Cain suspends US presidential campaign
ATLANTA, Georgia, Dec 3, AFP): Herman Cain said Saturday he is suspending his campaign for the Republican nomination for the US presidency, citing the pain caused to his family of allegations sexual misconduct.
“I am suspending my presidential campaign because of the continued distraction, the continued hurt caused on me and my family,” he told supporters in Atlanta, Georgia.
Cain said he would endorse another Republican for the party’s nomination in the near future, but vowed to continue to speak out in the future despite his decision not to go forward.
The dramatic announcement effectively ends a campaign that took Cain, a former pizza executive who rose from humble origins, to the front ranks of a Republican field despite his lack of political experience.
His decision followed a drumbeat of accusations that erupted early last month when two women came forth to charge that he sexually harassed them while he was president of a trade lobbying group in the 1990s.
The final blow came this week, when Atlanta businesswoman Ginger White disclosed she had had a 13-year extramarital affair with Cain that ended only eight months ago.
Cain has vehemently denied the charges.
“These false and unproved allegations continue to be spinned in the media and in the court of public opinion so as to create a cloud of doubt over me and this campaign and my family,” he said.
“That spin hurts.
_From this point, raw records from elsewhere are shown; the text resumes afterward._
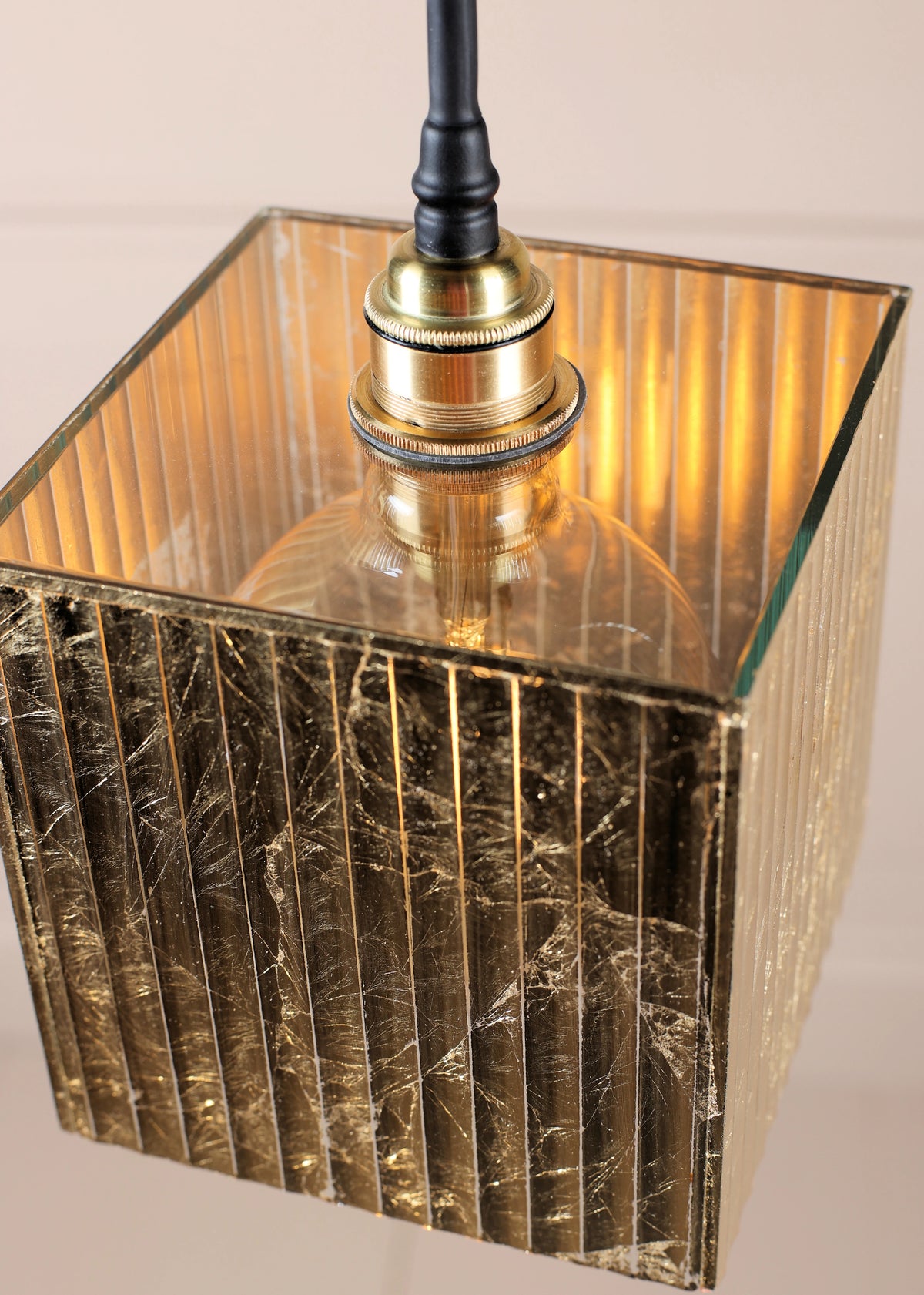 Close up of Edison style filament light bulb with gold ribbed glass light shade and brass fixings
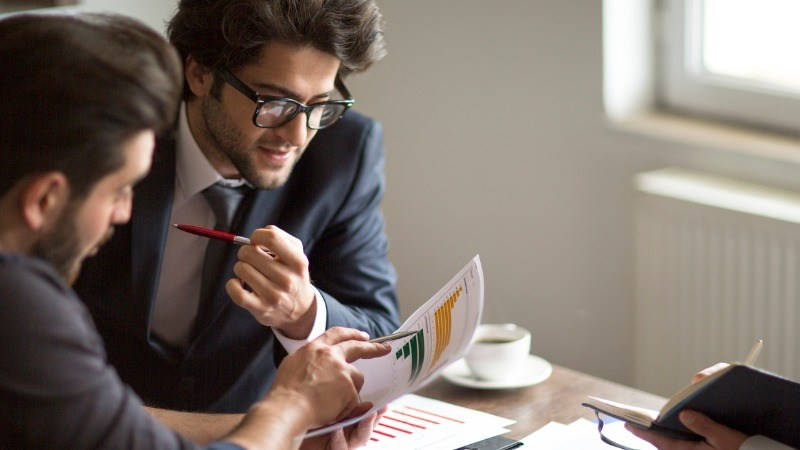 estado financiero de empresa, cuentas anuales; dos hombres viendo papeles con gráficos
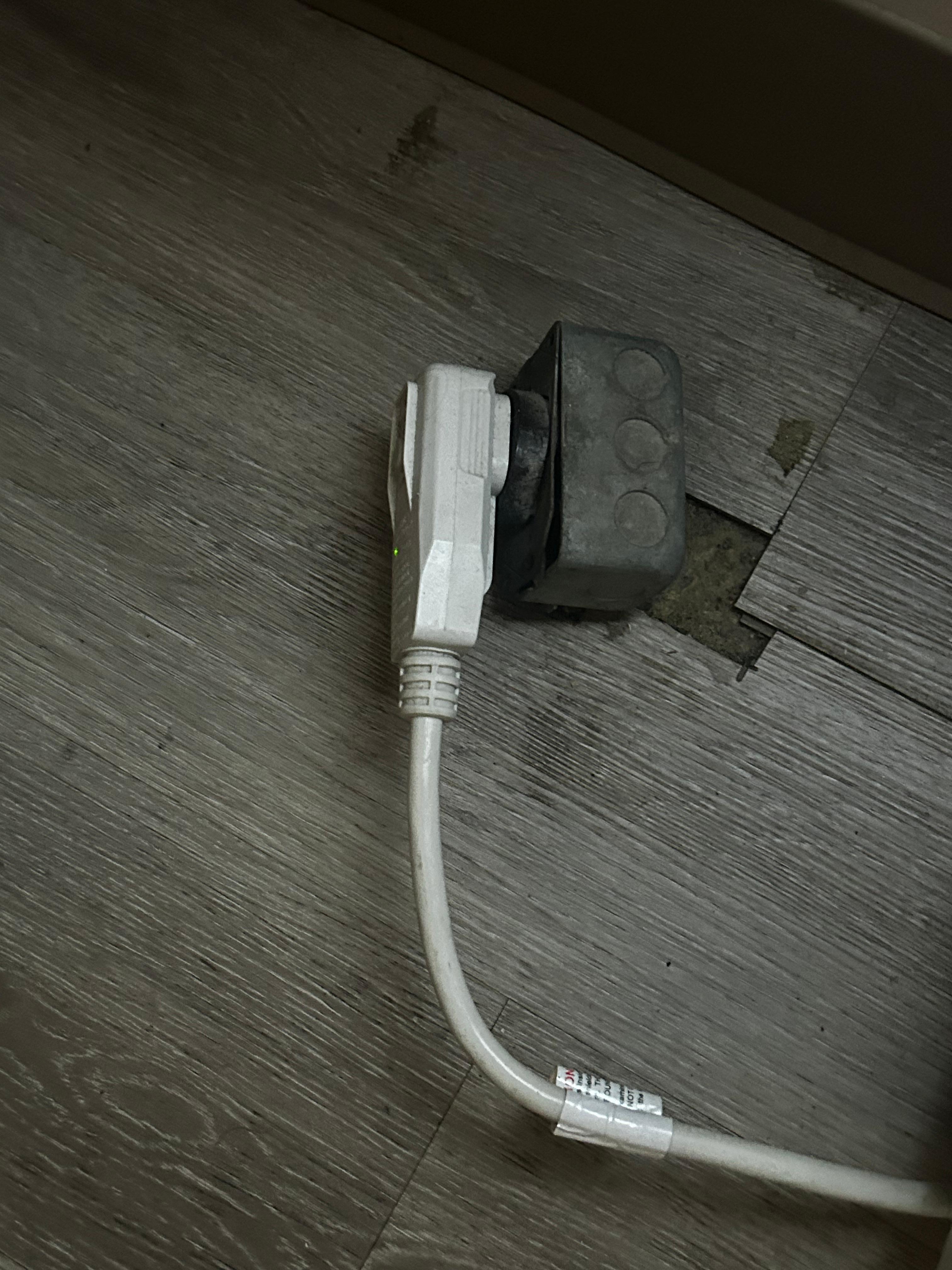Heat pump 220 outlet on floor with plug. Definite fire hazard. 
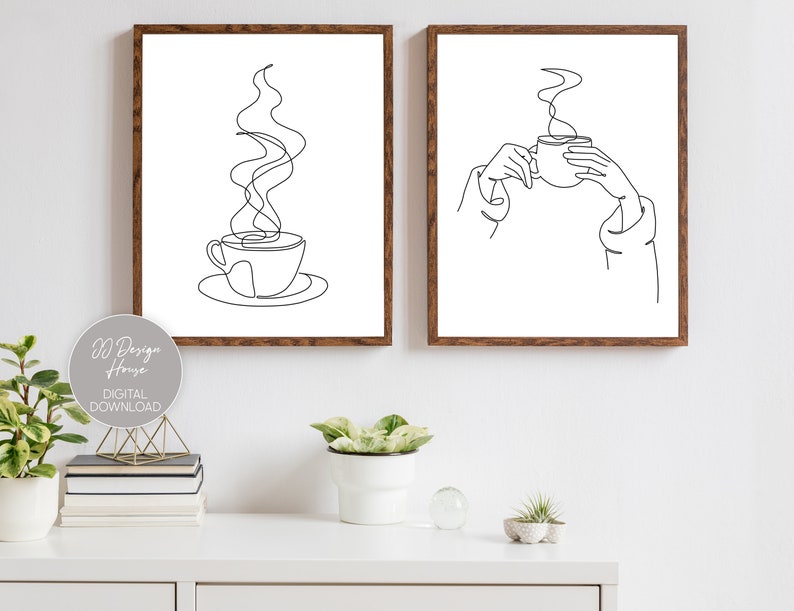 May include: Two black and white line art prints of coffee cups. The first print shows a coffee cup with steam rising from it. The second print shows a hand holding a coffee cup.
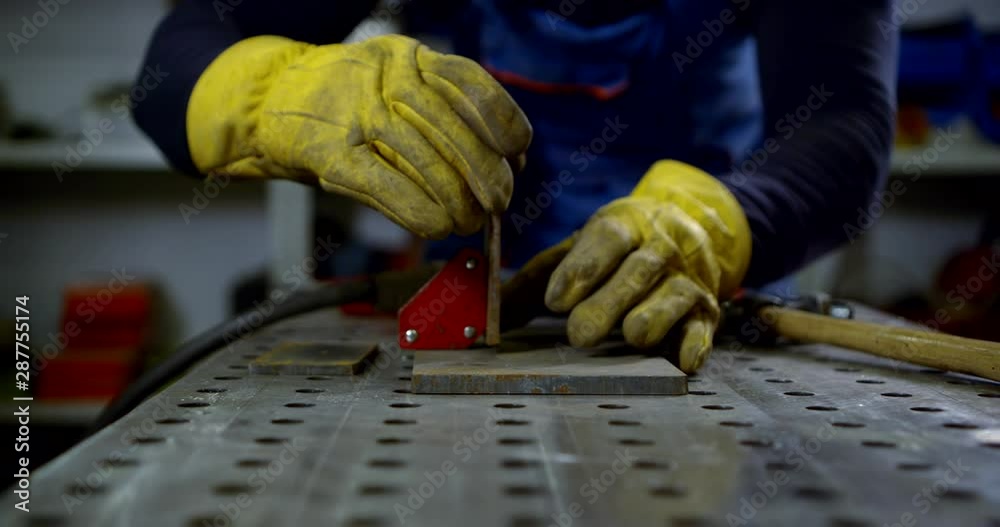 Close-up portrait of a gloved hand of a welder who works with the Assembly of a part for welding. Close-up portrait of a gloved hand of a welder who works with the Assembly of a part for welding.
It hurts my wife, it hurts my family, it hurts me and it hurts the American people because you are being denied solutions to our problems.”
Poll
Cain, once polling at the top of the Republican field in the key state of Iowa, is losing support at a rapid rate there, a poll to be released Saturday shows.
Beset by a series of sex scandal allegations, the former pizza executive is now only pulling eight percent support among likely participants in the January 3 Iowa caucuses that kick off the 2012 presidential nominating season, The Des Moines Register said in a preview of its poll.
That’s down from 23 percent in late October.
And he fared even worse in single-day polling. On the first day of polling Sunday, Cain had 12 percent support, which dropped steadily over the four-day poll to four percent Wednesday.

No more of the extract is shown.